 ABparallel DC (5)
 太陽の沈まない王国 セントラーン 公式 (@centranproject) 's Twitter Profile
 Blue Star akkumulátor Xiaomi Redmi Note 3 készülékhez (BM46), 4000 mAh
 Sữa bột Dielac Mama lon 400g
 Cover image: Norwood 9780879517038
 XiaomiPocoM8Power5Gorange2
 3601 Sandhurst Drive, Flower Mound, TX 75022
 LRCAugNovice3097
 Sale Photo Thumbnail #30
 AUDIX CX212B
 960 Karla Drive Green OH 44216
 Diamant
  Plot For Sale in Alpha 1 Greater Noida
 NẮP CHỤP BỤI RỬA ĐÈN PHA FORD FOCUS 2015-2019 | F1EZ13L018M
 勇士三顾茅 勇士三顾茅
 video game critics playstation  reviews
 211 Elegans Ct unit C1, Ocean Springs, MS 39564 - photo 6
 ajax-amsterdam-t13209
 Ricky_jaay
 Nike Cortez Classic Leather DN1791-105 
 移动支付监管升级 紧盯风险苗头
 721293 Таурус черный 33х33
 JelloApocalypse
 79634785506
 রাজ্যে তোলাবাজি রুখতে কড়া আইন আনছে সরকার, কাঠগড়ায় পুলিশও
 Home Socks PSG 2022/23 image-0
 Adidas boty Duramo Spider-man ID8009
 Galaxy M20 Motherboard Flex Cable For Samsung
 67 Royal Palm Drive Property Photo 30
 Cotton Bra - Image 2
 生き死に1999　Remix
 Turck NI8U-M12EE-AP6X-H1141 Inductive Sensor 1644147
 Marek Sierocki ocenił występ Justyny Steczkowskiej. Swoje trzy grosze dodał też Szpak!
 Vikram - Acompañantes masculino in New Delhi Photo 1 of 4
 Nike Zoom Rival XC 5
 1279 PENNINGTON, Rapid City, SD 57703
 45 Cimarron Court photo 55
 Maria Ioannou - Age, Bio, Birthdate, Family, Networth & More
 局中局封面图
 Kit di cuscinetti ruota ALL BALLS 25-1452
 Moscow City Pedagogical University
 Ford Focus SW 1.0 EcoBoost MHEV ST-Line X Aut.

____

Each line in the data that holds the string "Nike" must be returned.

▶ [RESULT FOR THIS TASK]:
 Nike Cortez Classic Leather DN1791-105 
 Nike Zoom Rival XC 5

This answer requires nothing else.